Land Sales, Options, and Properties with Encumbrances


Deciphering the VA Lender’s Handbook Chapter 9 Part 4


Chapter 9 of the VA Lender’s Handbook is all about legal instruments, liens, escrows, and related issues. In fact, that’s the name of the chapter. In this article, we’re going to talk about how the VA works with land sale contracts and options contracts, as well as purchasing a property with Encumbrance(s). An encumbrance is an existing mortgage, charge, or lien on the property that will still be in place after the borrower purchases the home. The VA has pretty clear-cut rules on these types of purchases, and we’ll cover what you need to know here in this article.

VA Land Sell Contracts

If you’re interested in purchasing land with your VA loan, you’re in luck – the VA will guarantee a loan that is secured by nothing but grass and dirt. Day-to-day, a land purchase contract won’t operate much differently from a mortgage, but the process of getting one is very different. The contract must contain the same mandatory clauses as a mortgage, and the contract must be recorded. To understand the VA’s policies on land sales contracts, you need to understand the difference between a land sale contract and a mortgage. A mortgage is an arrangement where the borrower purchases a property and legally owns it, but also gives the lender a lien on the home, which allows the lender to sell the home if the borrower does not pay back the loan amount. in a land sale contract, the buyer does not own the home until the full amount is paid back.

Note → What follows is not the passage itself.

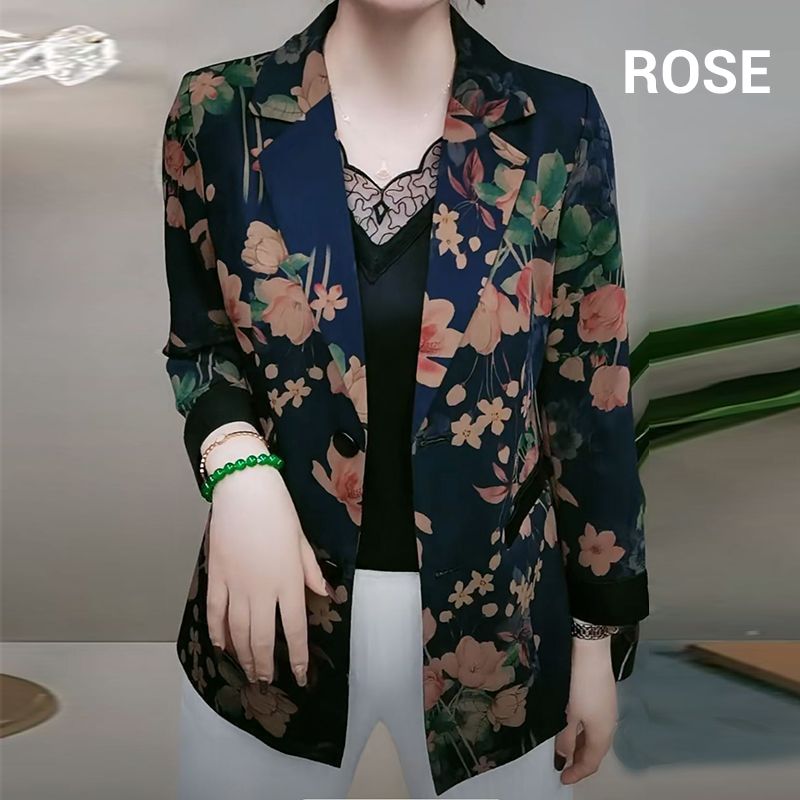 Women’s Stylish Flower Print Lightweight Suit Jacket pentagow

A land sale contract usually works as follows: an initial period of fixed monthly payments, much like a mortgage, followed by a balloon payment that covers the remaining balance. Typically, the buyer gets a mortgage from a lender to make the remaining balloon payment, thus converting the contract into a mortgage, and acquiring ownership of the property. If you want to learn more about land sale contracts, I would recommend typing “mortgage vs. land contract” into google because discussing the respective benefits and disadvantages is beyond the scope of this article. However, now that we’ve covered the basics of land sale contracts and mortgages, the following statements in the VA Lender’s Handbook will make more sense:


VA may also guarantee a loan to refinance the unpaid balance under a land sale contract for the purchase of improved residential property, provided:

  • the veteran will obtain title to the property described in the contract upon closing of the loan, and
  • the obligation to be guaranteed is in the form of a note or bond secured by a mortgage or other acceptable form of security instrument other than the existing land sale contract.


If you have any more questions about land sale contracts, feel free to give us a call here at Low VA Rates and we’ll do our best to answer them. The other type of contract addressed at this point in the Handbook is an Option contract. Options are fairly easy to understand; normally, when you buy a house, the product you are paying for is the house and the lot it is on, yes? Much like when you go to the store to buy a bag of apples: the product is the bag of apples. In an option, the product you are buying is time. You are buying time to decide whether you want to buy the property. Think of Wal-Mart’s layaway program. If Wal-Mart charged for its layaway service, it would be exactly like a very small scale option. Buying an option on a property is essentially the same as putting the home on layaway; no one else is allowed to buy it unless you have not bought it before the amount of time you paid for has expired. Clear as mud? Good.


Now, when it comes to purchasing a property with encumbrances, the VA has a fairly clear rule: the VA loan must be secured by the first lien on the property. Other liens are allowed on the home, but must be subordinate to the VA loan. If this is not a possibility, then the VA will not guarantee the home loan. Also, the amount of indebtedness to pay off the liens, plus the lien that the VA loan will have on the home, cannot exceed the VA’s reasonable value of the property.